True colours: pastel shades and matching storage. Photograph: Marco Bertolini/Living Inside

“I always wanted to create room experiences, build furniture and interiors, but I couldn’t find anywhere that taught both the design part and the practical craft,” she says. “Since I was young I’ve been moving furniture around, styling rooms and building furniture. I decorated my sisters’ rooms with new colours, moved things around and found new ways of living in them. When my siblings and I left home, I was tasked with rethinking and designing my parents’ house from scratch. And when I’m travelling and arrive at a new place, wherever it might be, the first thing I do is rearrange the place to my liking.”

Grandorf’s own home, where she lives with her partner, Mathias, and their two young children, is one big playground. There, she tests ideas, colours and solutions. She’s built almost every piece of furniture in the apartment, all of which were designed around the idea of “creating more space in the same space”. Every surface and corner of the 75 m2 apartment has been fully exploited with multi-functional furniture to optimise the space.

The apartment recently had a major colour transformation in which the entire kitchen and the long corridor received a makeover. Grandorf was looking for some sharp contrasts to the many pastels that are her usual shades of choice. “Our home is a massive explosion of colour. I believe they make our senses come to life, they help to activate us and they create energy.”
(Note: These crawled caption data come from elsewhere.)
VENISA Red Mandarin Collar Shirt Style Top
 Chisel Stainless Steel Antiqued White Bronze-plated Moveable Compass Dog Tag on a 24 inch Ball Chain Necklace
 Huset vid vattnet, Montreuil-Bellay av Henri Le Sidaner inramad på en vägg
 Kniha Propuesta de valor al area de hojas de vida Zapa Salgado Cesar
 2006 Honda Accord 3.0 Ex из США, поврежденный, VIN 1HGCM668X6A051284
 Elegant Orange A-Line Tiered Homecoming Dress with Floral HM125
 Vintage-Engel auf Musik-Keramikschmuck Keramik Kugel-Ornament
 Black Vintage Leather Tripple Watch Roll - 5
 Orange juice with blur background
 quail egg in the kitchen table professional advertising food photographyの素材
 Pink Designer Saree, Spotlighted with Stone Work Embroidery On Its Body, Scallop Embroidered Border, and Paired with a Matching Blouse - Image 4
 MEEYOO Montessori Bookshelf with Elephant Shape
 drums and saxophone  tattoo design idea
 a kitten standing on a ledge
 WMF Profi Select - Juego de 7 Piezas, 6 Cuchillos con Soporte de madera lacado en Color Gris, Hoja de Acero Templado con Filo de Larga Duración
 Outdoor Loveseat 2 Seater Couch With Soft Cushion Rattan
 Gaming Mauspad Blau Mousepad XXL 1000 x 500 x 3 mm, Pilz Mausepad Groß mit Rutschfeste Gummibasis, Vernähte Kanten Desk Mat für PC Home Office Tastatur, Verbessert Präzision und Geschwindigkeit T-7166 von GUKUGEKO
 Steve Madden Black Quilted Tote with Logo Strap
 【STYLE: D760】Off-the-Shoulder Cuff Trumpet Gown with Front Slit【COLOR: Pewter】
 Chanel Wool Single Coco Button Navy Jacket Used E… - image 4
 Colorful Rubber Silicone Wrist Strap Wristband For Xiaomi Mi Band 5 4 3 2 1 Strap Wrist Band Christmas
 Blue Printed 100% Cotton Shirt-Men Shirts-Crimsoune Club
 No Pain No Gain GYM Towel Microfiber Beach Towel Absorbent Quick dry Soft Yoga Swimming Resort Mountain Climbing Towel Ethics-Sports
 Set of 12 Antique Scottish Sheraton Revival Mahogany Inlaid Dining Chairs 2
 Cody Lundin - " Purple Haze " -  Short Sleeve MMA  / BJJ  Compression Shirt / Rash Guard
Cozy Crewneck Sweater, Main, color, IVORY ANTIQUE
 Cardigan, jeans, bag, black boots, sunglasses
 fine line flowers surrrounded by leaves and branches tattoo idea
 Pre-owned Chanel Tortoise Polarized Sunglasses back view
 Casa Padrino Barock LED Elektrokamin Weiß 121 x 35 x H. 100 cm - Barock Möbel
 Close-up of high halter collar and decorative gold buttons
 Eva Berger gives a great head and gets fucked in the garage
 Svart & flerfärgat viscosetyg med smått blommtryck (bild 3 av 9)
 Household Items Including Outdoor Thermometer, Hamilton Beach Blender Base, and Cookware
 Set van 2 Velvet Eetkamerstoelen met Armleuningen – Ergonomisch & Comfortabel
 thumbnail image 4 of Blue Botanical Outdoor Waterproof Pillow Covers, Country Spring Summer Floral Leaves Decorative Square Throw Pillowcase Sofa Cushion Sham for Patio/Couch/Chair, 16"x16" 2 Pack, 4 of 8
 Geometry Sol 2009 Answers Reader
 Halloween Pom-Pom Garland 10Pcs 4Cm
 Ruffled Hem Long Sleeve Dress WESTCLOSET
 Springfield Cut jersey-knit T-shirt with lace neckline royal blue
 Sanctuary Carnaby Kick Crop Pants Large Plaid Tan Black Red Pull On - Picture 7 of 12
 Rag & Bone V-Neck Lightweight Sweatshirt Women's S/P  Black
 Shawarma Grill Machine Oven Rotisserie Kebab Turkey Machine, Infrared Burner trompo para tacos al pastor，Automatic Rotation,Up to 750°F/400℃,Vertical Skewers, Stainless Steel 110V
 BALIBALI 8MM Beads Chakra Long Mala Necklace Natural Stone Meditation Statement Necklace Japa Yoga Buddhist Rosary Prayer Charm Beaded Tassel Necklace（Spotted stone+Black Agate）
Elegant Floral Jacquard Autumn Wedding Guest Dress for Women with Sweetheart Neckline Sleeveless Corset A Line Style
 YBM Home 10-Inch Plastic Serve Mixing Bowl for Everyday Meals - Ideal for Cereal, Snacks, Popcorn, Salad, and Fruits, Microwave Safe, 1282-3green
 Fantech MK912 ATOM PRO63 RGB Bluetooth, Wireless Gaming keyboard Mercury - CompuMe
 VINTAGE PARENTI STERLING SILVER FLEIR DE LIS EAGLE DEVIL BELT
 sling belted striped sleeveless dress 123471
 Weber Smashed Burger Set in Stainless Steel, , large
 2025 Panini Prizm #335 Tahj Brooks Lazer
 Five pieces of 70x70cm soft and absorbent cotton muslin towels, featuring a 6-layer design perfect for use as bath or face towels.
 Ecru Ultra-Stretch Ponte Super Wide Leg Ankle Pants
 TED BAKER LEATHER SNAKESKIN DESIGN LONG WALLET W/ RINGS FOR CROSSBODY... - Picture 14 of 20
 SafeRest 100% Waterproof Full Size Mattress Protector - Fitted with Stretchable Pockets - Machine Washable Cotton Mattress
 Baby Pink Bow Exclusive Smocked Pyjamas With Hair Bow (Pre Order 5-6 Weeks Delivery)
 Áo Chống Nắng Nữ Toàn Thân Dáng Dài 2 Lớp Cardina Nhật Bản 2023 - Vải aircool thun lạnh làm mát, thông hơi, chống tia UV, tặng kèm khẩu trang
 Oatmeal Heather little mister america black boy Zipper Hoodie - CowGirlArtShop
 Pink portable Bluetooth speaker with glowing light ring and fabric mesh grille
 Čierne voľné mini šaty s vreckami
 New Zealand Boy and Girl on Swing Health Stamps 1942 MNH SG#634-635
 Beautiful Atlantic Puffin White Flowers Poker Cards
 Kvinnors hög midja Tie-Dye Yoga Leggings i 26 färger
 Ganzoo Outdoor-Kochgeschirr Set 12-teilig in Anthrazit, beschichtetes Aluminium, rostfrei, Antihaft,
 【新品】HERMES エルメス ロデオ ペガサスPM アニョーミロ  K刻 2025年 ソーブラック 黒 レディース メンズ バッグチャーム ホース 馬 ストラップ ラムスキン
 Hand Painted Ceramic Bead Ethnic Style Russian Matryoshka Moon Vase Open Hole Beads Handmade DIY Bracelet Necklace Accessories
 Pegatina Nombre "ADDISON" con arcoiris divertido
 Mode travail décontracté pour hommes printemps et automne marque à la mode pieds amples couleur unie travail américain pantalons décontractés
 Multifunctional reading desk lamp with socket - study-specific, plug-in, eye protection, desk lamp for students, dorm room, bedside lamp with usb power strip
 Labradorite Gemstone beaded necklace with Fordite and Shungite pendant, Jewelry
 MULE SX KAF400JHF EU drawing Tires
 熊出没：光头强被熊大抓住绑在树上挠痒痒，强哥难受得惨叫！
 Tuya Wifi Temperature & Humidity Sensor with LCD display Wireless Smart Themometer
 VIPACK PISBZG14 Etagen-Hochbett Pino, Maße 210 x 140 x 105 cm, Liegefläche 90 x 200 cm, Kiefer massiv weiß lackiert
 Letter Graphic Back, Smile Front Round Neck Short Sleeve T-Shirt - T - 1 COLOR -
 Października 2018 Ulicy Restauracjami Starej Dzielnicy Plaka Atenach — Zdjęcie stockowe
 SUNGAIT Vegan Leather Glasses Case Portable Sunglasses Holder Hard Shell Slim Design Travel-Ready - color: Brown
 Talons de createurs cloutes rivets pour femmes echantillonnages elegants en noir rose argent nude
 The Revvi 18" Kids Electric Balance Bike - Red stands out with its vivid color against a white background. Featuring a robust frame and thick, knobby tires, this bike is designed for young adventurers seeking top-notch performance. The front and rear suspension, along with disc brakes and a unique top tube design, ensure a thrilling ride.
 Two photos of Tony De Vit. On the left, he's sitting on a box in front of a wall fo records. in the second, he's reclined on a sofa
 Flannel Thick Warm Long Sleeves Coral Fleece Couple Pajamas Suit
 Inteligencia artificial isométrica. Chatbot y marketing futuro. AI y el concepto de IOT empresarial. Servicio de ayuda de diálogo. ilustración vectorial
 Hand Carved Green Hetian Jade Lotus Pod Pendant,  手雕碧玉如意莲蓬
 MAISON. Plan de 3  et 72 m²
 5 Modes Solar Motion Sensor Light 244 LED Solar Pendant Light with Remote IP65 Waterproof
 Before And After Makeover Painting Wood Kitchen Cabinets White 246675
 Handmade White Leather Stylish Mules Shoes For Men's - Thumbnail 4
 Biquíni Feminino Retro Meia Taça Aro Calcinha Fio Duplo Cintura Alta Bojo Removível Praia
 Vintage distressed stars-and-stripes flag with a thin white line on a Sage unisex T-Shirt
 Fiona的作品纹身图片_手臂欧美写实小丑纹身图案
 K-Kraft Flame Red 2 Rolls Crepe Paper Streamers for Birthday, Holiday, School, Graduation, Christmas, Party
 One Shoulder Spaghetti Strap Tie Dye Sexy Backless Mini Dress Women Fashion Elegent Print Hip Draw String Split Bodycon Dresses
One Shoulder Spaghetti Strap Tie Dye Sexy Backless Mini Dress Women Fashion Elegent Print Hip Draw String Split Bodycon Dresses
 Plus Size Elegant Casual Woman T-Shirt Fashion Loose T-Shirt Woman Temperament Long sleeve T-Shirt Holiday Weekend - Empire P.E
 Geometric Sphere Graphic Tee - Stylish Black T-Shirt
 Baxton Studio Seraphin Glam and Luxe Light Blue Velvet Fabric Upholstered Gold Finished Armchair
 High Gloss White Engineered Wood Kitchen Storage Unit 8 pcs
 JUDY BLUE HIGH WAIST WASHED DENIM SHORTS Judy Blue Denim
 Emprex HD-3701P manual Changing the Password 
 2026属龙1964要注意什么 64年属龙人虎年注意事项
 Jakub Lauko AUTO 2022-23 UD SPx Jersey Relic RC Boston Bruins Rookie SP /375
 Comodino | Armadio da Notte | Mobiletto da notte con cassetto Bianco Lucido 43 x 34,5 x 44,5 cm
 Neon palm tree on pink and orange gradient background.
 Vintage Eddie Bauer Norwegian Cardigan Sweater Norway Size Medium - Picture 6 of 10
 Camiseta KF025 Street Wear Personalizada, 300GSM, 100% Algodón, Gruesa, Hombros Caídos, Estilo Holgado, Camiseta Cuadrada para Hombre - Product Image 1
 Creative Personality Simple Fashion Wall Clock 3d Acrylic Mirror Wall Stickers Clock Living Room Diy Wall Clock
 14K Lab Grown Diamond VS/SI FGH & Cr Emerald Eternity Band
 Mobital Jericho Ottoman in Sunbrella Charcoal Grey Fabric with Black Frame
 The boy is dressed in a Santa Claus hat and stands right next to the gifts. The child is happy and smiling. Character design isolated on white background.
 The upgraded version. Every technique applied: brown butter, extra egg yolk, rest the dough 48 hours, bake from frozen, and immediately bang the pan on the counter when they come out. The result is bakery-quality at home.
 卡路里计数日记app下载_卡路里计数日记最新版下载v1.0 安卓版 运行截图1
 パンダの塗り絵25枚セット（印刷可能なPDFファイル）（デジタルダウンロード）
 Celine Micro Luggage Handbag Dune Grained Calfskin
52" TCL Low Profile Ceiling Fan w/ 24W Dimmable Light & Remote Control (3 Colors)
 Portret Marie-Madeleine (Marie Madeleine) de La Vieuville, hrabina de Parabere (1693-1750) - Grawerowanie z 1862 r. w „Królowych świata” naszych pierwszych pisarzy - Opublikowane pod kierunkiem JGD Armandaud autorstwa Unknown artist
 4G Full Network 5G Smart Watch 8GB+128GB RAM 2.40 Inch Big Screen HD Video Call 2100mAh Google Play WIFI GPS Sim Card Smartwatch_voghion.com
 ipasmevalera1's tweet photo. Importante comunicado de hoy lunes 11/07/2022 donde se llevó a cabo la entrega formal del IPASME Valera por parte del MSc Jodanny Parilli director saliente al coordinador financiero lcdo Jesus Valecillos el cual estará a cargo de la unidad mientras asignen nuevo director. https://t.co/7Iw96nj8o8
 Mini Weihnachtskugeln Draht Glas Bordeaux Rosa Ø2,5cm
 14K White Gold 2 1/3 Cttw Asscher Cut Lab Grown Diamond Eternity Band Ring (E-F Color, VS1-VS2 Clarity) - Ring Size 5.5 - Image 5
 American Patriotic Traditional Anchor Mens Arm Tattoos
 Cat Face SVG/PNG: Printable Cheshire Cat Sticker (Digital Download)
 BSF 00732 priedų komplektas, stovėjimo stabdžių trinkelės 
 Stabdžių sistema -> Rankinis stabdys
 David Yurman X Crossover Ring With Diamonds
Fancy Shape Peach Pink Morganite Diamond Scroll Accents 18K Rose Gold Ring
In the pink: the kitchen, complete with Murano glass light shade. Photograph: Marco Bertolini/Living Inside

One of the first things she did was remove all the doors, except for the kitchen and bathroom. The long bench built against the wall was made by Grandorf out of drawer modules from Trævarefabrikkernes Udsalg, a Danish furnishing supplier. On top of it she built her own “settle box” in order to achieve the perfect sitting height. The round table, found online, is extendable and 30 people have occasionally been seated around it. The mint-coloured chair is from FDB, a Danish furniture store, and the white and pink folding chair was found secondhand. A Murano glass lamp in delicate pink hangs above the table, “It’s as beautiful as it is wry and heavy,” says Grandorf.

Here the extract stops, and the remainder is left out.